In [51]:
import csv
import numpy
from sklearn.feature_extraction.text import TfidfVectorizer, CountVectorizer
from sklearn.metrics.pairwise import cosine_similarity

In [3]:
print("Getting list of topic names and texts...")
with open("01_topic_text.csv") as file:
    topic_names = []
    topic_texts = []
    for line in csv.reader(file):
        topic_names.append(line[0])
        topic_texts.append(line[1])
print("Done!")

Getting list of topic names and texts...
Done!


In [6]:
topic_id = 1
print(f"Topic {topic_id} is:", topic_names[topic_id])
print(topic_texts[topic_id][:200] + "...")

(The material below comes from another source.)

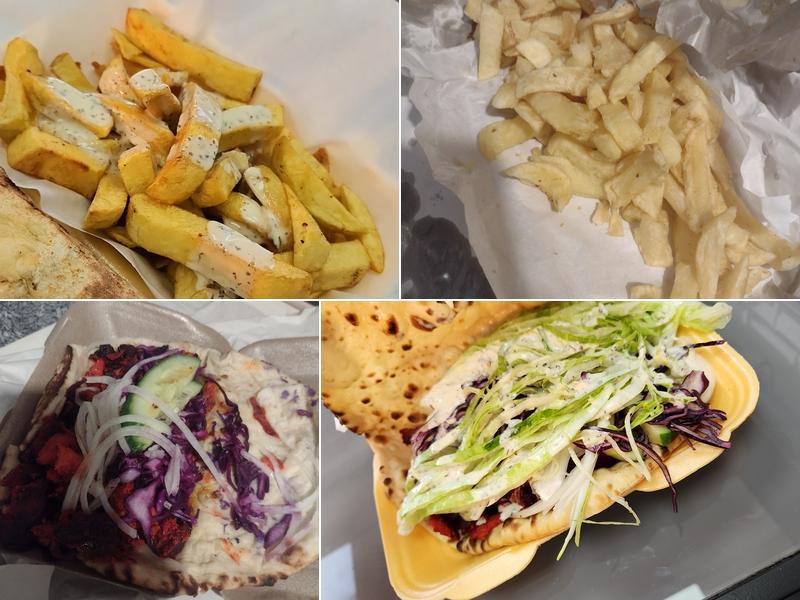 Hooked Fish and Grill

Topic 1 is: configuring-project-and-ide-settings.html
Configuring the IDE
IntelliJ IDEA allows you to configure the settings on several levels: the module level, the project level, and globally.
Global settings apply to all projects that you open with a ...


In [138]:
import string
from nltk.stem import WordNetLemmatizer, PorterStemmer
from nltk import word_tokenize

class LemmaTokenizer:
    def __init__(self):
        self.wnl = WordNetLemmatizer()
    def __call__(self, doc):
        return [self.wnl.lemmatize(t) for t in word_tokenize(doc) if t not in string.punctuation and len(t) > 1 and t.isalnum()]

class StemTokenizer:
    def __init__(self):
        self.ps = PorterStemmer()
    def __call__(self, doc):
        return [self.ps.stem(t) for t in word_tokenize(doc) if t not in string.punctuation and len(t) > 1 and t.isalnum()]

In [202]:
vectorizer = TfidfVectorizer(tokenizer=StemTokenizer())

In [203]:
corpus_vec = vectorizer.fit_transform(topic_texts)

In [204]:
print(corpus_vec.shape)

(1505, 5528)


In [205]:
vectorizer.get_feature_names_out()

array(['0032a0', '0047e4', '007c7c', ..., 'сompil', 'сurrent', 'сustom'],
      dtype=object)

In [207]:
vectorizer.vocabulary_["enabl"]

1547

In [208]:
queries = ["file template", "file templates", "reader mode"]

In [209]:
for query in queries:
    query_vec = vectorizer.transform([query])
    results = cosine_similarity(corpus_vec, query_vec)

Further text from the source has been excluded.